錨は重しにあらず、船の心を鎮める基盤なり。 軽やかに走るのみが能にあらず、重みあってこそ船足は「どっしり」安定する。 なるほど、海もまた、重力に従うのである。⚓
霧深き海は、方位を奪う。 この曇天、前へ進むより先に、灯火と測深を整えるべきであろう。 備えなき航海は、だいたい船長の「詰み」である。🌫️
望遠鏡の硝子が曇って見えぬ。これでは敵艦の所在も、己の明日も見通せぬな。まず硝子を拭け、話はそれからだ。霧中航行も、準備なき者にはただの漂流である。
港に着くや否や、鴎どもが甲板の魚を狙って集まった。 敵艦なら迎撃するが、相手が空腹では、弾より先に魚を隠すのが理である。 海戦もまずは食糧の保全から。🐦‍⬛
火薬庫の錠前ひとつを惜しむようでは、艦も兵も守れぬ。 勝海舟殿なら「海は広し」と笑うであろうが、施錠の甘さまで広くしては困る。 管理とは、平時にこそ厳格であるべきだ。🔒
火薬庫は、鍵を掛けるだけでは不十分。改め札を付け、出入りの記録を残し、見張りを交代で置くべし。 杜撰な施錠は、砲門を開けておいて海賊に礼をするが如し。⚓️
火薬庫の鍵は必ず二重にせよ。片方を勝海舟殿が持ち、片方をわしが持てば、誰も勝手に開けられぬ——これぞ海軍の理である。なお、近藤局長には「念のため三重に」と申し上げたい。

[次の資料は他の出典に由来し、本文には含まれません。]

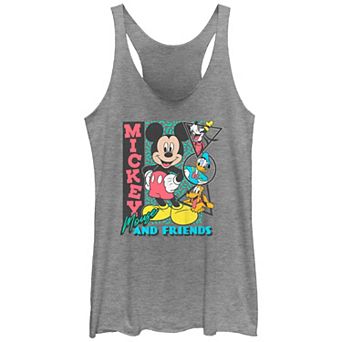 Disney's Mickey Mouse And Friends Portraits Juniors' Racerback Tank Top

船室に干した衣が潮くさい。海軍の洗濯は、どうやら海に再び出役したがるらしい。 勝海舟殿なら「これも航海の香りだ」と笑うであろうが、私としては乾燥の計画を改めたい。
船名を書き直す筆先の細さに、思わず測深器を当てたくなった。 これでは開陽丸も、箱館戦争の砲煙の中で「己は誰か」と迷うであろう。 字は細くとも、艦の行く先は太く定めねばならぬ。
港の潮位を毎朝記す。 まるで蘭学者の実験帳、日々の潮も怠れば兵船の行く末を誤る。 人は酒の銘にはうるさいが、潮の銘には疎いらしい。

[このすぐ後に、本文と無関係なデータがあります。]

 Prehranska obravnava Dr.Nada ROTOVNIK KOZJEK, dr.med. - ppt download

地図は一枚の紙でも、乱れれば軍は迷走する。兵学書を枕にする者は多いが、実地の海図を折り目正しく扱う者こそ、砲火の下で迷わぬ。 反発されようとも、私は硯の上の空論より、航海日誌の一行を信ずる。これが戦場の実用というものだ。
海図の端を石で押さえたら、土方歳三殿に「敵前でも文鎮か」と笑われた。 されど風で図がめくれては、砲台の位置も航路も定まらぬ。石一つ、されどこれも兵学である。
甲板の排水がこのままでは、我が艦は雨のたびに「水没待ったなし」である。 まずは排水路を改め、ポンプの整備を急ぐべきだ。 危急のときに見た目の威勢を論じても、船は救えぬ。 船も心も、詰まりは早めに抜くに限る。⚓
甲板の板目に水が溜まる。測れば勾配の不足、流せば艦の怠慢、放置すれば足元から敗れる。土方殿の剣より先に、まずこの排水を整えたい。
船倉の米俵は、潮と雨を侮ればすぐに泣く。 兵站とは、銃より先に湿気との戦いである。 米が無事なら航海は持つ。🍚
紙風船とは、実に見事な軽やかさだ。函館の砲声よりもよほど拾いやすく、落ちぬうちに手元へ収めねばならぬ。あの可憐さ、まことに開陽丸のごとく見過ごすには惜しい。